In 2007 in an effort to increase the number of girls enrolled in school the government of Bihar in India gave each schoolgirl of age 14 a bicycle. The excellent Karthik Muralidharan and co-author Nishith Prakash set out to discover whether the program was effective. To jump to the conclusion they found that the program increased the enrollment of girls by 41% reducing the gender gap by almost half.

The reason for this post, however, is not the result–important as it is–but the two videos the International Growth Center made to explain Muralidharan and Prakash’s research methods. The first video explains the background of the research and then gives a very elegant explanation of triple-differences as an estimation strategy.

The second video explains that the researchers still weren’t completely happy that they had truly identified a causal effect (or perhaps the referees were not completely happy) so they hit on a complementary approach, looking for a dose-response relationship. With the collection of more data Muralidharan and Prakash were able to ask whether the program was more effective for the students who were neither so close nor so far from the school that a bicycle wouldn’t make a difference. Indeed, the program was most effective for students who lived at bicycle-relevant distances.

These videos are an interesting peek at some of the questions economists ask and the methods they use to answer those questions. The videos would be excellent for classroom use–challenge your students after the first video to come up with potential problems with the triple difference method and see if they can identify another research design that would address these problems!

Addendum: Here are previous MR posts on Karthik Muralidharan’s important research program.

1 Lance Jepsen May 23, 2015 at 1:04 pm

That’s awesome. Imagine if we did that in the U.S.? India per capita GDP is much lower than the U.S. so a bike is a lot more, relatively speaking, than it would be in the U.S. Imagine if a University gave a low enrollment demographic group, a free car to everyone within 15 miles of the University campus as part of a giving back to the community experiment. Would the enrollment of that demographic group go up at that University?

2 Ryan Cousineau May 23, 2015 at 7:26 pm

A quick smell test is in order for this idea. The Indian program budgeted $45 (and later, less than $60) for each bike. The per capita GDP of India is $1500.

The cheapest new car sold in the US is about $10,000; the US PC GDP is about $53,000. So a cheap new car is about 20% of PC GDP in the US. In India, a new bike is about 3% of PC GDP.

It’s probably both easier and cheaper to figure out cheap accommodations on or near campus, and indeed that is what many universities offer.

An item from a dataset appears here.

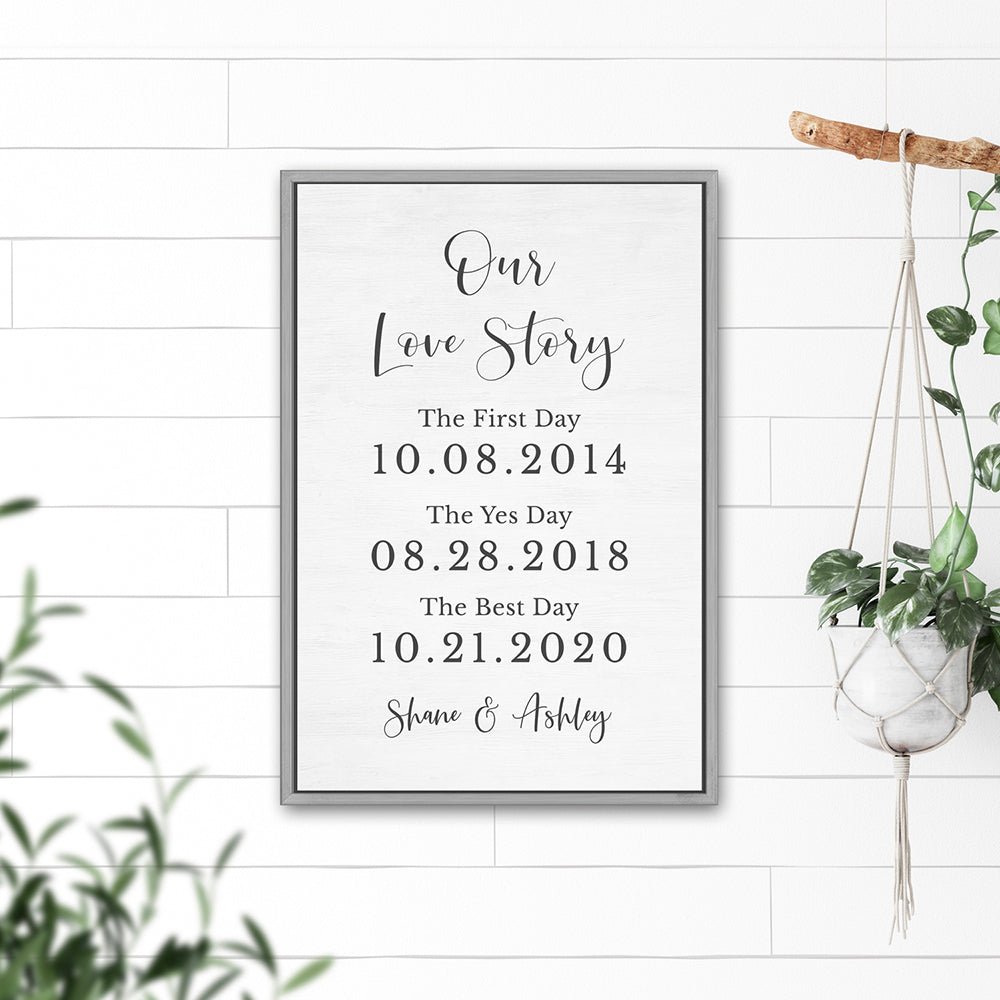 Our Love Story Personalized Sign With Names and Dates - Pretty Perfect Studio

3 FC May 23, 2015 at 9:21 pm

They do? In my experience universities charge at least the market rate for housing


4 mkt42 May 23, 2015 at 4:09 pm

Excellent. I don’t know how generalizable the results will be (it seems doubtful that simply handing out bicycles can overcome other obstacles besides distance, e.g. sexism — boys don’t seem to have needed the bicycles, quite possibly because their families regard their education as more important than the girls’ education). But good for them, and as Alex says, big props to the IGC for these videos. They’re the best video presentations of econometrics that I’ve seen (granted I’ve seen very very few econometrics videos, but excellent job regardless.)

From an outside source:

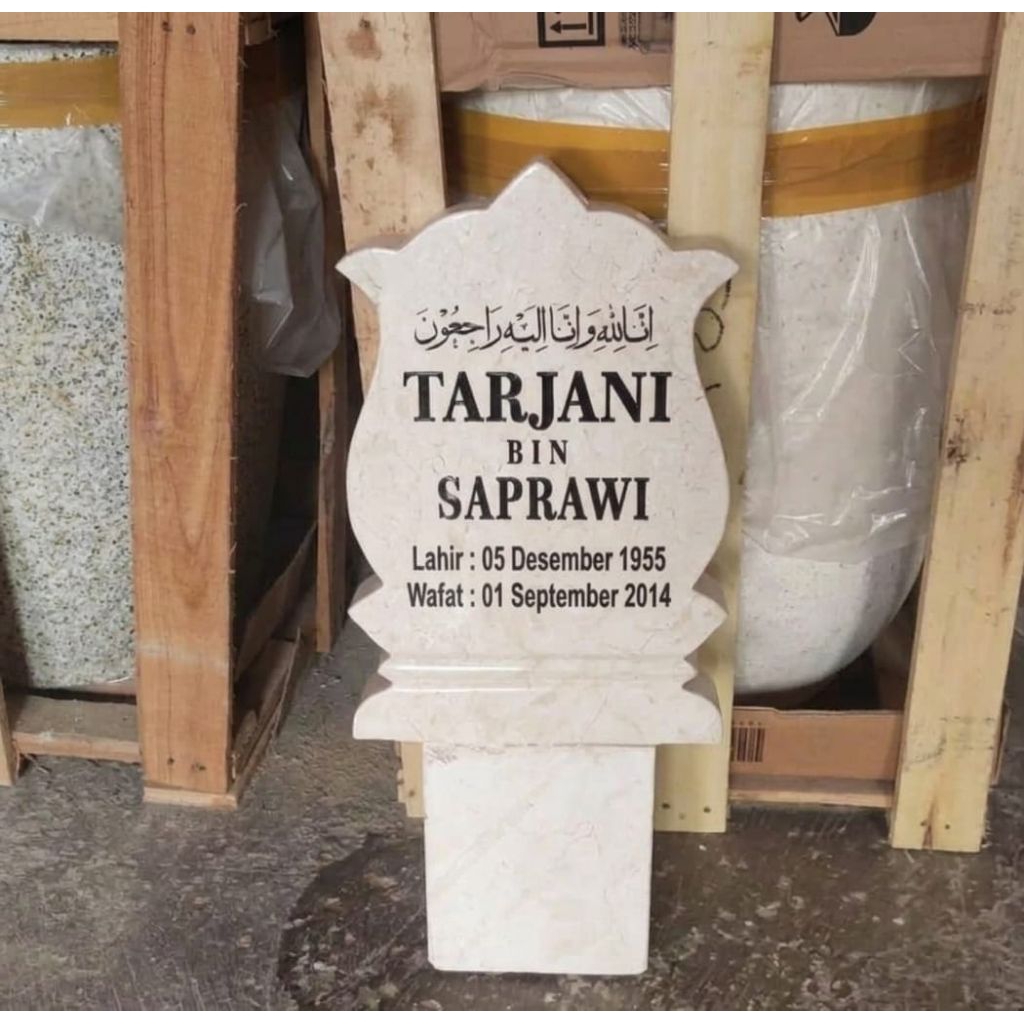 Batu Nisan Ukir Pahat Nama 1 Pcs - Nisan Kuburan Marmer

5 Corvus May 24, 2015 at 1:13 am

Hmmm – not sure about “owning a Bicycle” and being a “Rockefeller” – seems to me that bicycles have been, since the advent of the “Safety Bicycle” (the diamond frame bicycle) cycling has been more closely associated with very egalitarian trends. I.e. affordability for the masses.
Interesting discussion of history in this matter @

The historian on that Bike Show episode also notes the impact of cycling on women and the economy (check out starting minute 10:30). There are economic bits throughout, tho.

6 TheAJ May 24, 2015 at 9:36 pm

Sounds like overall good news, something we can all be optimistic about. But since it has nothing to do with race, politics or Paul Krugman, this post only gets 8 replies.

7 A Japanese reader May 24, 2015 at 10:39 pm

Allow me put in my two cents worth of twenty-twenty hindsight. Does anybody agree with me that these two gentlemen should have started the second research in the first place (measuring the commuting distance) than taking route to via DID or DIDID method?

Difference in Difference should be used when you are sure that covariances are there but not observable (if they can be observed, you can simply stick them in to a model). DID will cancel out all the effects from these unobservable covariances, without revealing what they are or how they work. Distance between a school and a student’s residence *is* a measurable (observable) covariance that governs the dropout ratio. If the two researchers knew it, they wouldn’t take trouble of testing DiDiD method or creating animation for this method (though I admit that the clip is excellent).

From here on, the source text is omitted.